Friday, May 3, 2013

Ludwig Reinhardt-Goetz
on Luke 23:43 /

Ο Λούντβιχ Ράινχαρτ-Γκετς
περί του Λουκάς 23:43



Wie muß Lukas 23, 43 gelesen werden?
(1915)



Und Jesus sprach zu ihm:
Wahrlich, ich sage dir heute:
Mit mir wirst du im Paradiese sein.

Καὶ εἶπεν
ὁ Ἰησοῦς αὐτῷ:
Ἀμήν, σοι λέγω σήμερον:
Μετ’ ἐμοῦ ἔσῃ ἐν τῷ Παραδείσῳ.


— Luke / Lukas / Λουκάς 23:43.


Footnote on Luke 23:43: / Fußnote zu Lukas 23:43: / Υποσημείωση στο εδ. Λουκάς 23:43:

Die jetzt übliche Interpunktion dieser Stell ist ohne Zweifel falsch und widerspricht der ganzen Denkweise Christi und des Schächers.
Sie konnte nur deshalb aufkommen und später zur allgemeinen Herrschaft gelangen, weil die Griechen und Römer kein rechtes Verständnis für die israelitische Messiashoffnung hatten und der ägyptisch = platonischen Lehre von der "Unsterblichkeit der Seele" und dem jenseitigen "Götterhimmel" huldigten. So machte man aus dem Paradies das mittelalterliche "Himmelreich" im Tode oder eine Unterabteilung desselben. Christus (der Messias) hat aber unter dem Paradies sicher nicht eine Unterabteilung des Totenreiches, sondern nur die Wiederherstellung des Paradieses auf Erden, oder das Messiasreich verstanden.

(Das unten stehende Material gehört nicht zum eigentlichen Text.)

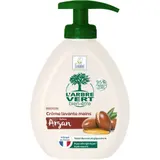 L'Arbre Vert Bien-être Crème Lavante Mains Nourrissante aux extraits d'Argan 300ml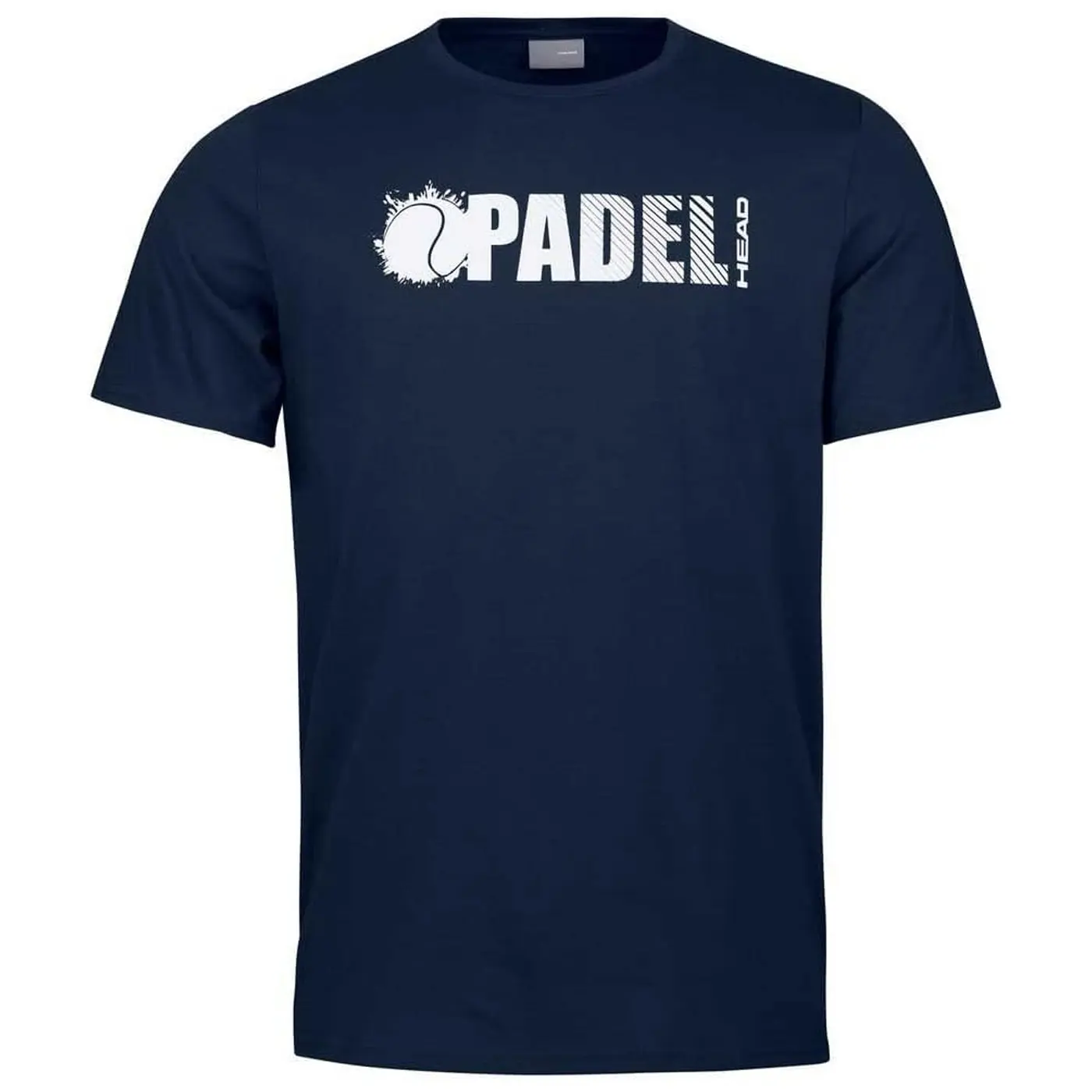 HEAD Men's Padel T-shirt Jr PADEL T-Shirt Image 1 HEAD Men's Padel T-shirt Jr PADEL T-Shirt Image 1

Auch der Schächer kann nur an dieses gedacht haben, wie er ja auch ausdrücklich gebeten hatte: "Erinnere dich meiner, wenn du in deiner (messianischen) Königsherrschaft kommst." Es ist darum ganz undenkbar, daß Jesus dem Schächer gesagt haben soll: Laß deine messianischen Hoffnungen fahren; du wirst nicht erst später mit mir im Messiasreich, sondern noch heute mit mir in einer Unterabteilung des Totenreiches, das ich Paradies nenne sein. Er hätte damit den Schächer nur verwirrt und ihm gar keine direkte Antwort auf seine Bitte gegeben. Der Ausdruck: "ich sage dir heute" entspricht auch ganz der hebräischen Sprechweise, wie viele Stellen des Alten Testamentes beweisen. Er war besonders passend am Kreuz und am Todestag Jesu, weil er so die Verheißung Jesu in einzigartiger Weise bekräftigte. Da Jesus zu dem allem sogar am dritten Tage nach seinem Tode noch der Maria Magdalena erklärt: "denn ich bin noch nicht aufgefahren zu meinem Vater" (Jh 20,17), so kann und darf das "heute" nicht in der üblichen Weise verstanden werden. Das "heute" fehlt sogar in vielen alten Handschriften und Übersetzungen; ein Beweis, daß man ihm nicht die ausschlaggebende Bedeutung beimaß. Überdies beweisen aber auch noch viele Zeugen aller Jahrhunderte, das unsere Interpunktion bekämpft und verfochten wurde. Die inneren und äußeren Gründe sprechen also für die von uns angenommene Interpunktion und Auffassung.



Ludwig Reinhardt-Goetz,
München: Verlag von Ernst Reinhardt.
11878, 21910/1923.








The punctuation presently used in this verse is undoubtedly false and contradictory to the entire way of thinking of Christ and the evildoer. [...] Christ (the Messiah) certainly did not understand paradise to be a subdivision of the realm of the dead, but rather the restoration of a paradise on earth, that is the Messianic kingdom.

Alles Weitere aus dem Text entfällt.